Histoire des préfets

1 juillet 2015

La naissance des préfets

Les préfets

Au XVIIIème siècle, la France était organisée en une trentaine de généralités, dirigées chacune par un Intendant de justice, police et finances "de qui dépend le bonheur ou le malheur des provinces" écrivait alors l'écossais John Law (police s'employait alors au sens d'administration générale).
Circonscriptions financières à l'origine, les généralités avaient été créées par François 1er. Louis XIV et Louis XV les imposèrent aux dépens des vieilles divisions féodales.

Issus de la noblesse de robe, bourgeoisie anoblie, et choisis par le Roi parmi les maîtres de requête de son conseil, les Intendants ne dépendaient que de lui. L'Intendant était "le roi présent en la province". Agents zèlés de l'absolutisme royal, les Intendants réalisèrent l'unification administrative du pays, au prix de la réduction des libertés provinciales et municipales. Leur despotisme les rendit très impopulaires. Sous la pression de l'opinion publique, Louis XVI leur retira la plupart de leurs pouvoirs pour les donner aux assemblées provinciales instituées entre 1778 et 1787 dans la majorité des généralités. En 1789, les Cahiers de doléances réclamèrent leur disparition.

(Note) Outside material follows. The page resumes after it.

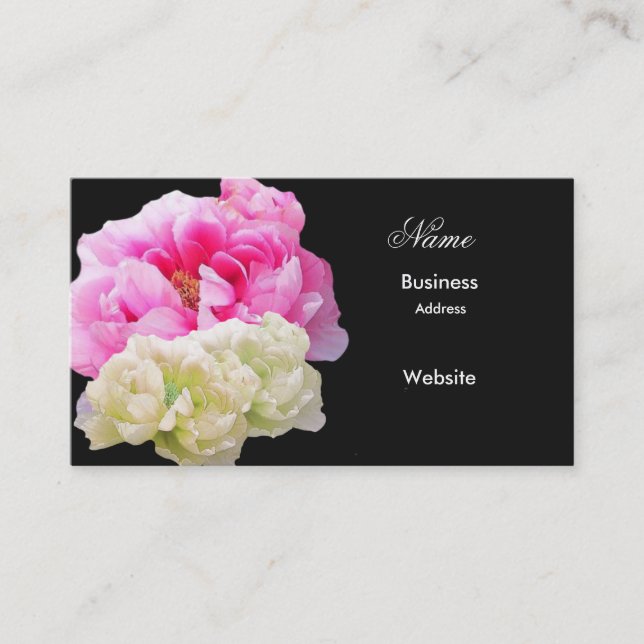 Minimalist Modern Peonies Business Card (Front)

La création des départements

L'Assemblée nationale constituante supprima les Intendants le 22 décembre 1789 et, le 26 février 1790, divisa le royaume en 83 départements , de dimension et de richesse à peu près égales.
La taille modeste du département devait permettre à tout administré de se rendre au chef-lieu en une journée maximum. La départementalisation brisait les particularismes provinciaux et favorisait le sentiment national. L'administration départementale était composée d'un conseil général (l'assemblée délibérante), d'un directoire (l'exécutif), ainsi que d'un procureur général syndic, représentant le roi et chargé de faire appliquer les lois. Tous ses membres étaient élus par le collège restreint des électeurs du second degré, de riches propriétaires. L'administration départementale était placée sous la tutelle du roi, lequel pouvait annuler les actes et suspendre les administrateurs.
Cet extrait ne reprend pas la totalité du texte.